##### Information provided

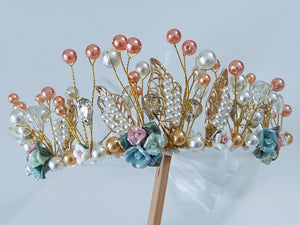 Women Beige Flower Girl gold Leaf Pearl Hair Band Headband Prom Tiara Crown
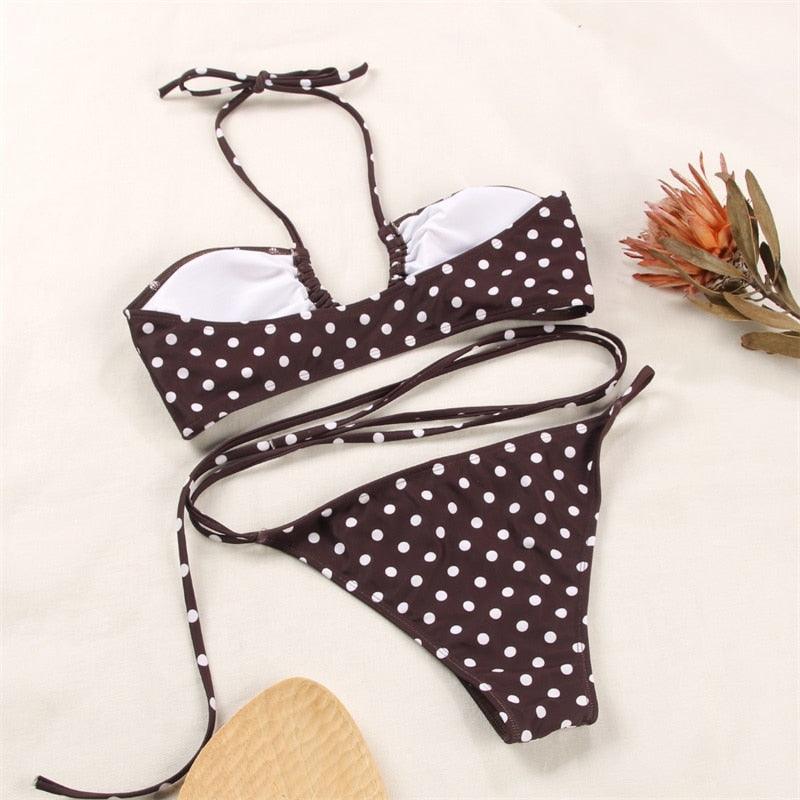 Bikinis Micro Adjustable Swimwear Women Summer Bikini Set Modern Colorful Print Beach Wear Women's Comfortable Swimsuit Knotted String Triangle Bikini Tie Side High Cut Bikini Set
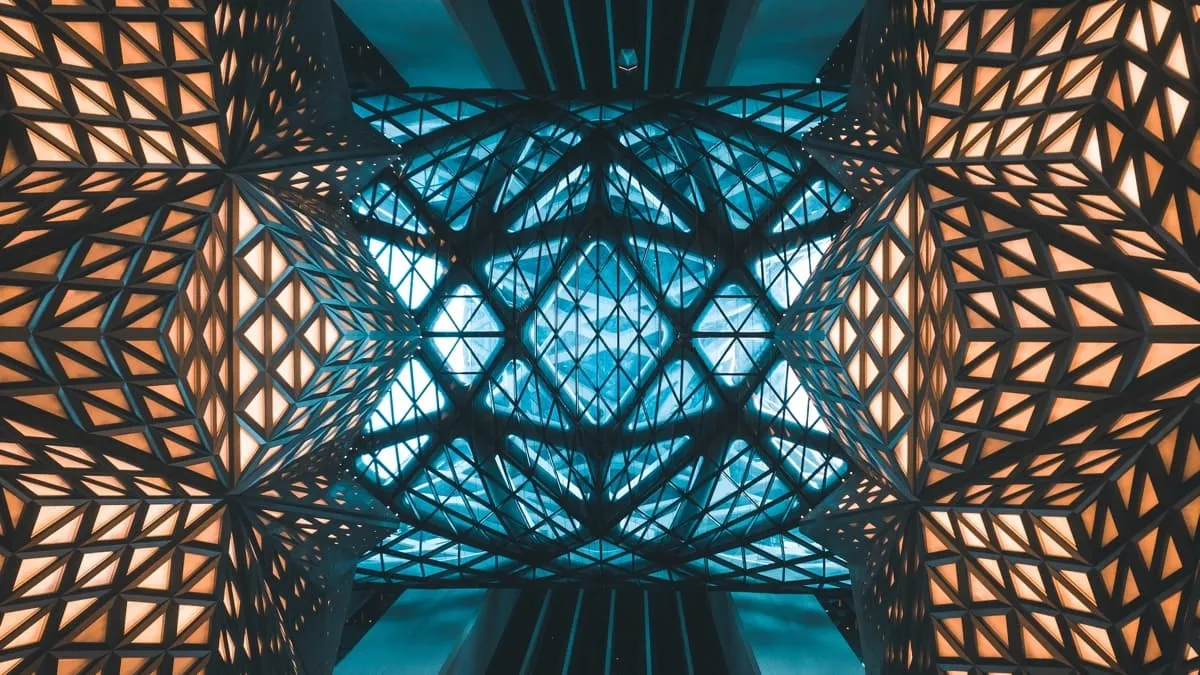 Golden and blue geometrical shapes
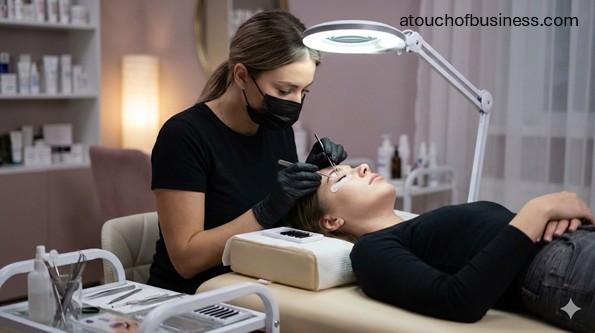 Close-up of a technician using tweezers to apply individual eyelash extensions to a client's eye in a salon.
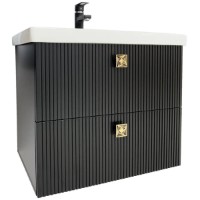 Шкаф с умывальником Mashtab Toledo 2 Sava 11872 Black Matte 80cm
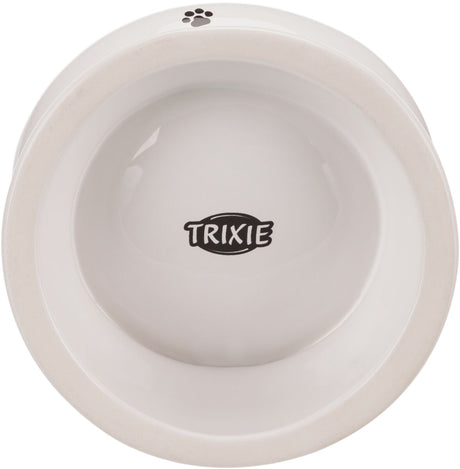 Weiße Schüssel mit schwarzem Schriftzug "TRIXIE" im Inneren und Pfotenabdruck auf dem Rand.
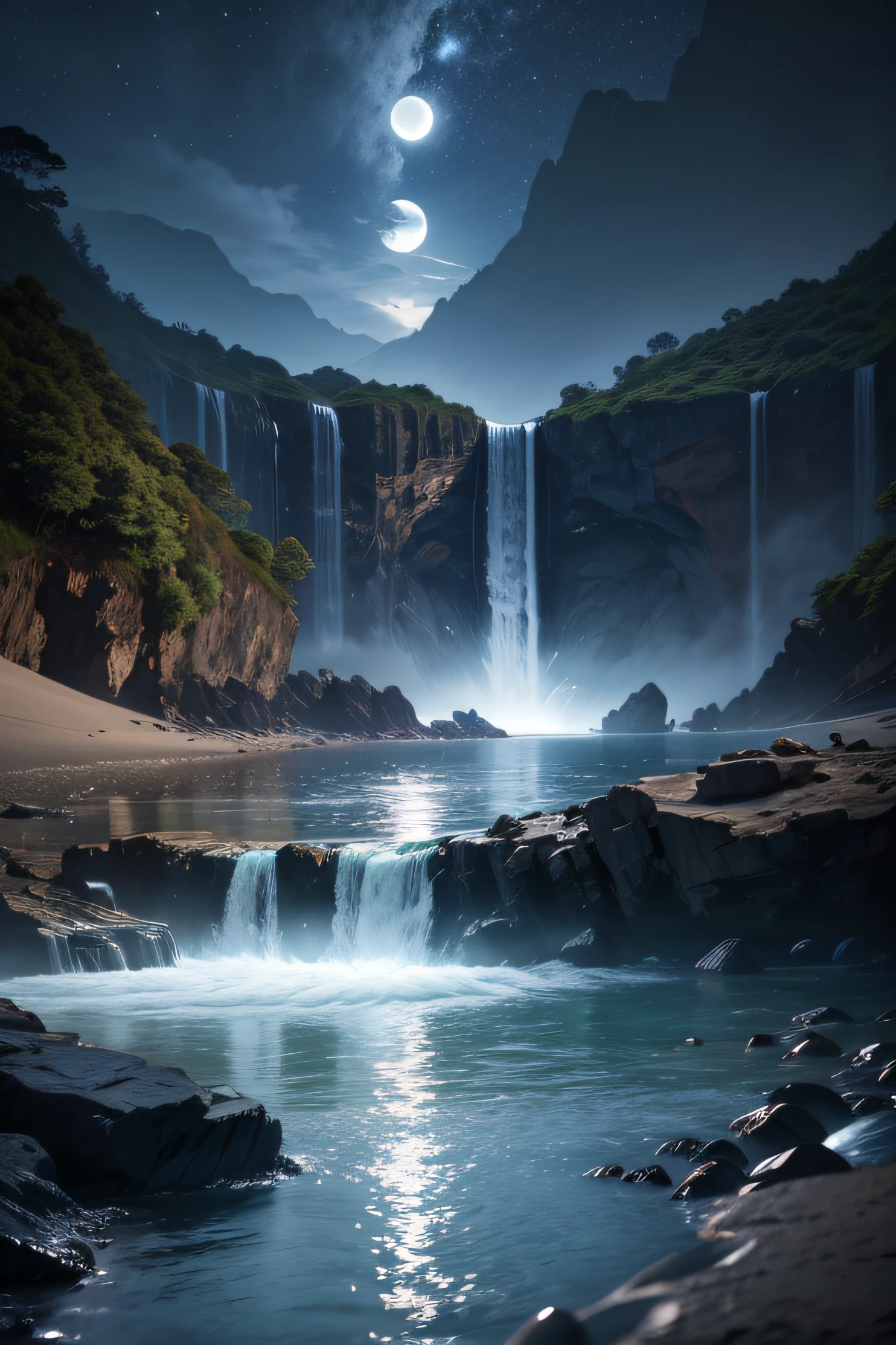 RAW realistic. a beach with a waterfall and in the moonlight. 8k, high quality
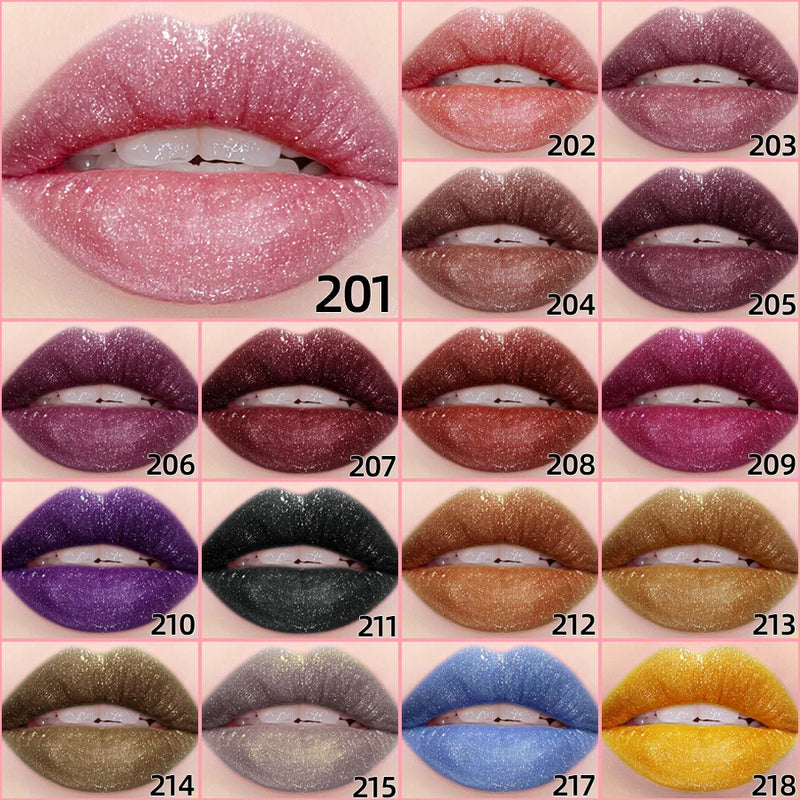 Gloss Labial Glitter 18 Cores - Longa Duração, à Prova d'Água, Hidratante e Multifuncional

##########

• **Assignment**
The reply should hold every line of the records unchanged and no pictures.

• **Output of the exercise**
 Women Beige Flower Girl gold Leaf Pearl Hair Band Headband Prom Tiara Crown
 Bikinis Micro Adjustable Swimwear Women Summer Bikini Set Modern Colorful Print Beach Wear Women's Comfortable Swimsuit Knotted String Triangle Bikini Tie Side High Cut Bikini Set
 Golden and blue geometrical shapes
 Close-up of a technician using tweezers to apply individual eyelash extensions to a client's eye in a salon.
 Шкаф с умывальником Mashtab Toledo 2 Sava 11872 Black Matte 80cm
 Weiße Schüssel mit schwarzem Schriftzug "TRIXIE" im Inneren und Pfotenabdruck auf dem Rand.
 RAW realistic. a beach with a waterfall and in the moonlight. 8k, high quality
 Gloss Labial Glitter 18 Cores - Longa Duração, à Prova d'Água, Hidratante e Multifuncional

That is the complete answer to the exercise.